Latest industry figures show oil prices have fallen a further 10.5 per cent with consumers reaping the benefits because the drop in wholesale costs are being passed directly on – unlike the picture for households on mains gas and electricity.
According to the Sutherland Tables – a recognised independent source of data on comparative UK domestic heating prices – oil continues to trump competitor fuels on price.
The cost of heating an average three-bedroom home in Britain with oil is now just £793 per year, coming in at 24 per cent less expensive than mains gas, the second cheapest option at £1038 per annum. Oil is also currently 48.7 per cent cheaper then LPG and 50 per cent cheaper than electric storage heaters to heat the same average home.
Importantly, FPS says the huge price difference between oil and the other main heating fuels is partly down to the current low cost of crude oil being straight on to customers.
This contrasts with the experience of many consumers on mains gas and electricity with energy secretary Amber Rudd recently stating it was “frustrating that the falls in wholesale gas prices have not been passed on to most households”.

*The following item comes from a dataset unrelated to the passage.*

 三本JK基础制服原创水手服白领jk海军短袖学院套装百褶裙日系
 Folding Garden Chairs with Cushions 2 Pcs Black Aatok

Oftec director general Jeremy Hawksley said "It is pleasing to see the industry is acting responsibly and playing its part in ensuring a fair deal on price for the UK’s 1.4 million oil-using households. Oil consumers have seen the cost of heating their homes fall consistently for the past two years and with prices predicted to remain low for some time to come, the case for sticking with oil, or even switching to oil, is strong”
With this in mind, Oftec continues to urge government to completely rethink the UK’s low carbon heat strategy. Instead of incentivising 100 per cent renewable solutions which aren’t practical or affordable to the majority of people, the focus should be on solutions that are simple, affordable to install and run, and impose limited disruption on the homeowner.
Jeremy Hawksley added: “We are concerned to see the Department for Energy and Climate Change is continuing to back the domestic Renewable Heat Incentive (RHI) which has fallen way short of expectations in terms of delivering renewable installations. Unless radical changes are made to the scheme, it will continue to only benefit the wealthy few”.